Between 1984 and 1990, Cosgrove-Hall subsequently made a 52-episode television series, with the film serving as a pilot. The film's music and songs are composed by Keith Hopwood, late of Herman's Hermits, and Malcolm Rowe. The Stone Roses guitarist John Squire worked on the series as a set artist. Voice actors include David Jason, Ian Carmichael, and Michael Hordern.

Plot 

Bored of spring cleaning, Mole leaves his burrow home and goes for a walk in the meadow. He soon comes to a river where he meets and befriends Ratty, a water vole who lives on the riverbank. Ratty is eager for Mole to have new experiences and takes him on a journey down the river in his boat. They bring a Picnic basket and lots of food with them. They decide to have their picnic on the edge of the countryside, near the riverbank.

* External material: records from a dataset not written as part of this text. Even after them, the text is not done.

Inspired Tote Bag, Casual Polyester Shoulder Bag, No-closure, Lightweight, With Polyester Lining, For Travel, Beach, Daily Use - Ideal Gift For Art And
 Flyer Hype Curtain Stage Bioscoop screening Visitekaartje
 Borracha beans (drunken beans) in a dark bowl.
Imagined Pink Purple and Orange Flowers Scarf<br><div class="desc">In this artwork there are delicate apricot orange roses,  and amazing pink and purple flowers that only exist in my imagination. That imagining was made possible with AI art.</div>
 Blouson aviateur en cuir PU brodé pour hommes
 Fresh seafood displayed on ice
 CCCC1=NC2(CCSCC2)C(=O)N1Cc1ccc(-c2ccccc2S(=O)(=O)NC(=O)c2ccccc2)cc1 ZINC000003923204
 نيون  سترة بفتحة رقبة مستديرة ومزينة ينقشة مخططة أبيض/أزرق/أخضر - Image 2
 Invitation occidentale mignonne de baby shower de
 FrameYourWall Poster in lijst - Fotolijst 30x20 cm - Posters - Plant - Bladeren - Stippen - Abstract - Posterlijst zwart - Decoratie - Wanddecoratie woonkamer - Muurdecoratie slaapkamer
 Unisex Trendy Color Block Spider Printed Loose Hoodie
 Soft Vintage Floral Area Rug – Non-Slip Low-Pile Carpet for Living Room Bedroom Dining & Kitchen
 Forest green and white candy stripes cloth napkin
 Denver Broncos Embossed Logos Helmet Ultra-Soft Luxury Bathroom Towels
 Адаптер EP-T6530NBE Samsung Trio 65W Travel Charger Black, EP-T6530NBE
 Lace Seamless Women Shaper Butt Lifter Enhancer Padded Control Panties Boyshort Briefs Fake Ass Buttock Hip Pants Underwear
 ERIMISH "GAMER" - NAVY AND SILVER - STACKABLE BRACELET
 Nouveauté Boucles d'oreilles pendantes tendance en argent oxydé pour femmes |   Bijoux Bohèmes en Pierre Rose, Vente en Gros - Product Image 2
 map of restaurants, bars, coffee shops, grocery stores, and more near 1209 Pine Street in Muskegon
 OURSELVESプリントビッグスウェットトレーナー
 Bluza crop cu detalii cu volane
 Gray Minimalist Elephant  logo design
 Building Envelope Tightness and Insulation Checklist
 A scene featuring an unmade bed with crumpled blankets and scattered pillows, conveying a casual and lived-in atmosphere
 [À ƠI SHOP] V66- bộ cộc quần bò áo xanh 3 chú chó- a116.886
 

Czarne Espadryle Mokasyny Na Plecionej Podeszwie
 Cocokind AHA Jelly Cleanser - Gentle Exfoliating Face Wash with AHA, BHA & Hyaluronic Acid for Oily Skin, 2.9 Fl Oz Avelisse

They notice Badger out for a walk and invite him to join them, but he coldly declines and goes home. Ratty reflects that Badger is affable but reclusive, not caring for society and social events. Mole asks where he lives, and Ratty explains that Badger's domain, the Wild Wood, is not a safe place for animals such as themselves. Mole asks what kind of creatures live there that make it so dangerous, but is interrupted by the arrival of the Chief Weasel and his henchman before Rat can answer. While the Chief distracts them with pleasantries, his henchman steals a jar of potted meat. Ratty then warns Mole that, though the weasels might seem "all right in a way", they are not to be trusted. He then takes Mole to visit Toad at his grand, stately home, Toad Hall. Toad invites them to join him on a road trip in his latest source of amusement, a garishly-decorated gypsy caravan, with his horse Alfred pulling the vehicle. Having previously been obsessed with boating, Toad now has become bored of it and now wants travelling to be his new hobby, which is why he got the caravan.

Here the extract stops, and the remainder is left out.